Я сделала «изобретение»: за широким голенищем валенка у меня постоянно засунуты беспятые самодельные тапочки-шлепанцы, сделанные из шкурок овечьих, лоскуты которых можно было достать, украв или выпросив в починочных мастерских.

Валенки и иная обувь, очищенная на пороге, в меру индивидуальной аккуратности, помещается работягой до ночной просушки «в головах» — ведь еще придется по зоне ходить. А при отбое на сон бригадиру или дневальному обувь сдают на просушку или починку, связав побригадно пучками. И она остается там до подъема. Если прожарки нет, как в Арлюке, обувку размещают вокруг могучих барачных печей и тогда всю ночь нас удушают горькие запахи влажных портянок, мокрой сохнущей шерсти или кожи. В бараках мужских этот запах был невыветриваемо постоянен и особенно жгуче-ядовит. Где не водилось сушилок, все лагерные ухажеры, даже умащенные ларечным одеколоном, пахли «жареными онучами» даже в летние дни.

Зато — блаженство при утреннем подъеме сунуть остылые ноги в еще горячие, звонкие от сухости валенки! Если, конечно, они не прохудились. А это бывало, хотя бригадиры зорко следили за их починенностью, чтобы не «кантовался» бригадник по причине рваной обуви — бригадиру за такой неуслед влетало. И бригады сапожников ночью садились за починку, а к утру сдавали в просушку крепкое.

Пока ночью приводится в порядок обувь, в уборную (выгреба эти ради гигиены иногда выносили очень далеко от бараков) беги хоть босиком. Обычно хватали валенки соседей, чуни самой дневальной. Когда кончился острый голод, а следовательно и ежеминутное воровство (валенки-то можно сменять на хлеб!), ввели «дежурную пару» для ночи. (Так я в общей обуви поймала неизлечимый грибок на ступнях). Но бегивали и в чулках: за короткое время в лютый мороз чулки промокнуть не успевали, да бабенки часто и не добегали до нужников, садились между сугробами, лишь бы часовой с вышки не заметил, и оскверняли подходы к бараку. Весною все это обнажалось, кайлилось дневальными, при брани и вони: ведь в землянках-бараках жило до 200 человек. В Анжерке при особой дальности уборной, где до нее бегу было на весь четвертькилометровый плац, такое приседание в сугроб обратилось в бедствие и часовым на вышках разрешили стрелять. Ну, не по женщинам, конечно, а в том направлении, где заметил присевшую фигурку.

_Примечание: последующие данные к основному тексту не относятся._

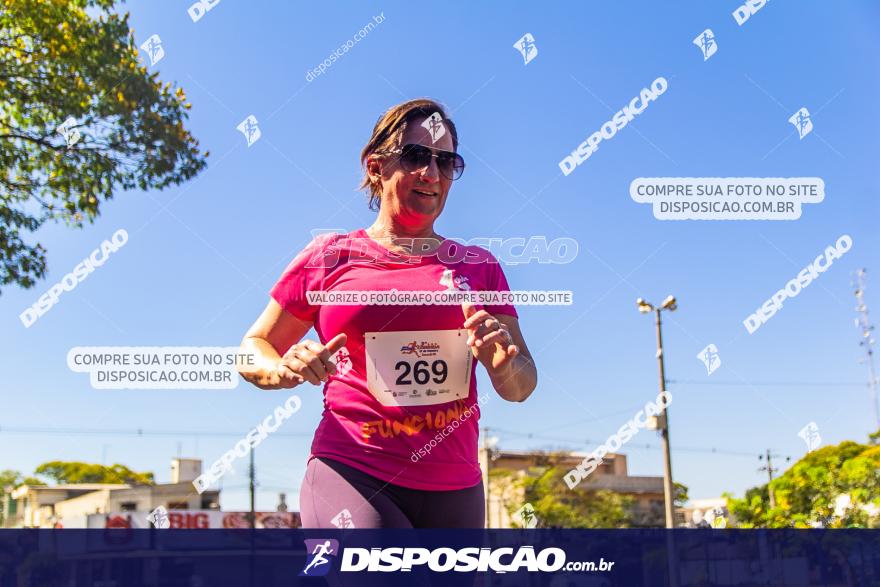 3ª Corrida 12 de Outubro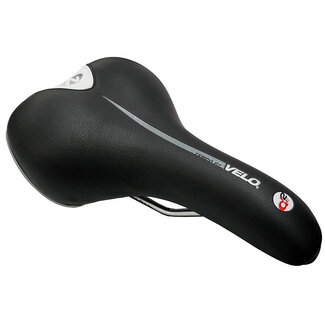 Velo Tempo men's saddle
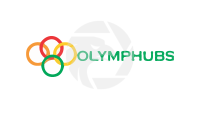 Olymphubs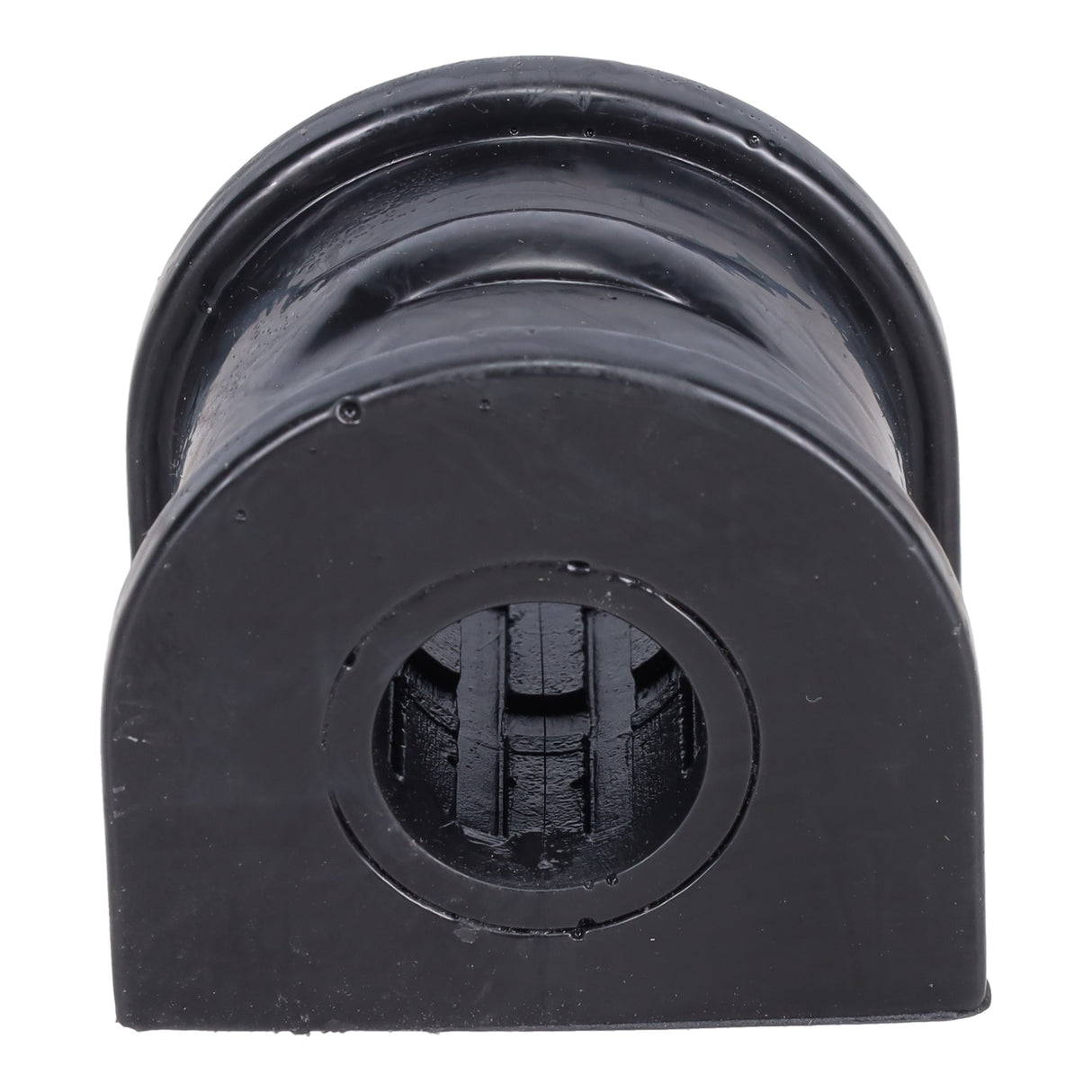 Sway Bar Bushing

Знаю случай ранения.

В малолюдных бараках в самые лютые морозные ночи приплачивали дневальным за ведро у порога, куда делали дела малые, а коли все спят, и крупные, а загодя до подъема многострадальная старуха, чтобы, Боже сохрани, не увидали надзорщики, а то ее посадят в кондей, мчала ведро опять же в сугробы и снежком присыпала пятно от вылитого. Запахи зоны весною были омерзительны. В этом отношении каторжанам, которых на ночь запирали с парашей, было легче. «От вони еще никто не умирал» — это была пословица.